1. Heat a soup pot over high heat; add the extra-virgin olive oil and butter to the heated pot and melt together.
2. Add the chicken to the pot, breaking up the meat in to small pieces. Cook until browned.
3. Add the chopped garlic, celery, onion, carrot and jalapeño.
4. Add the salt, pepper, cumin and coriander, and stir the ingredients in the pot together.
5. Cook the mixture for 10–15 minutes.
6. Add the beer and scrape up browned bits from the bottom of the soup pot.
7. Reduce heat to medium and cook for 5 minutes.
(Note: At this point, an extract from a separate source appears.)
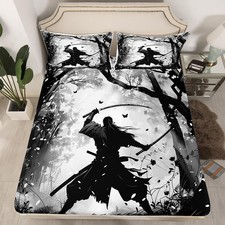Samurai Print Bed Sheets Black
8. Stir in hot sauce, tomato sauce, tomato juice, chicken broth and granulated sugar.
9. Reduce heat to low and simmer, uncovered, for 15–20 minutes.
10. Garnish each serving, if desired, with a drizzle of ranch salad dressing. Or, serve with blue cheese tortilla chips (to make, top chips with crumbled blue cheese and warm in oven until cheese starts to melt).